Honey Cake with Walnuts & dry Apricots. Honey cake is a simple and fast recipe. Delicious honey cake without rolling the skin. Soft honey cake with sour cream.
To make the icing, combine the powdered sugar with the milk and lemon juice until smooth and creamy. Drizzle over the top of the cake. Top with walnut halves and let dry. You can have Honey Cake with Walnuts & dry Apricots using 13 ingredients and 7 steps. Here is how you achieve it.
Ingredients of Honey Cake with Walnuts & dry Apricots
- You need 3 of eggs.
- You need 200 grams of sour cream.
- It’s 200 grams of soft butter.
- It’s 1 cup of honey.
- You need 1 cup of sugar.
- It’s 2 tbsp of vegetable oil.
- It’s 1 packages of vanilla sugar.
- Prepare 1/2 tsp of baking soda.
- Prepare 1 tbsp of vinegar.
- It’s 1 cup of walnuts.
- It’s 1 cup of dry apricots.
- It’s 1/2 cup of raisin.
- You need 12 tbsp of flour.
This light and fluffy marvel all but melts in your mouth. Back in the day, it took effort for my grandmother's kitchen helper to make it, but it's a Pour batter into prepared pan; sprinkle with remaining walnuts. Toss the walnuts and cinnamon in a bowl and grate the zest of the orange over them. To serve, set the cake on a baking sheet, brush the top with a little melted butter.
Honey Cake with Walnuts & dry Apricots instructions
- preheat oven to 350°F with baking pan inside.
- Mix together butter, sour cream, honey, sugar, vegetable oil, vanilla sugar, eggs.
- Mix in baking soda with vinegar and pour it in a batter mixture..
- Cut walnuts and dry apricots into small pieces and add everything to the batter mixture.
- Add 12 tbsp of flour with mountain to the mixture.

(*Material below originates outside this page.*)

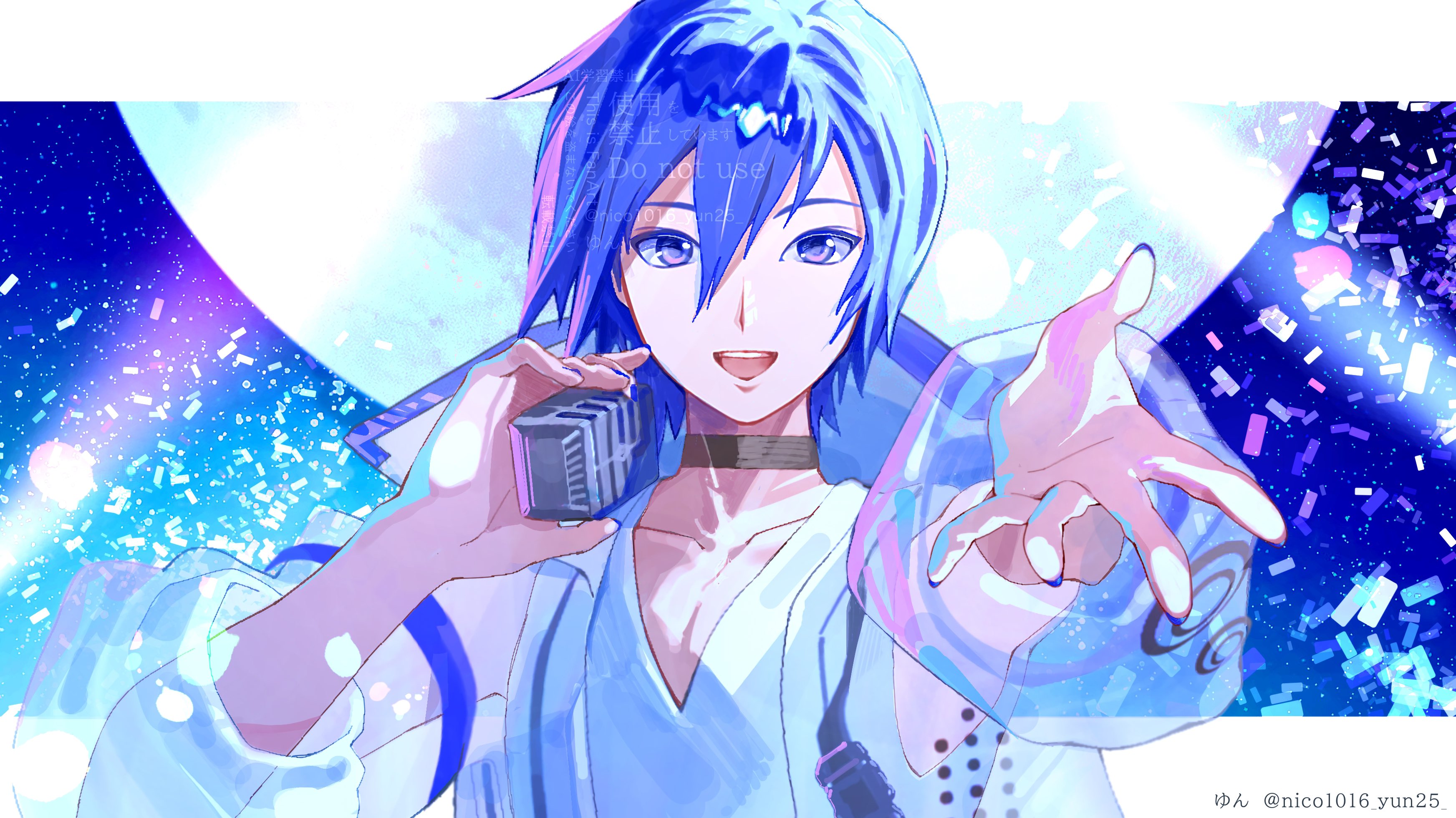 nico1016, kaito (vocaloid), vocaloid, absurdres, commentary request, highres, 1boy, black choker, blue eyes, blue hair, choker, hands up, holding, holding microphone, looking at viewer, male focus, microphone, open mouth, outstretched arm, outstretched hand, solo, teeth, twitter username, upper body, upper teeth only, v-neck, watermark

The batter should be thicklike consistency..
- When the batter is ready and oven is preheated, remove baking pan from the oven and apply butter with butter spray all over the pan..
- Then pure batter mixture in the pan and put it in the oven on 40-45 min or untill the top is golden and toothpick inserted in the cake is clean.
While they are still warm rub the nuts in a towel to remove the excess skin and place them in a small bowl. Tips for this Pear & Walnut Cake with Honey Buttercream: If you're going to do the poached pears as garnish, do them a day in advance. I used both Anjou and Bartlett pears for this recipe, but any kind of pear is fine. Be sure to toast your walnuts in advance — it gives them more flavour. Another, classic sweet: honey, whiskey cake or as they originally call it " mujskoi ideal", Russian name that makes no sense to me, so I don't really refer to this cake by that name.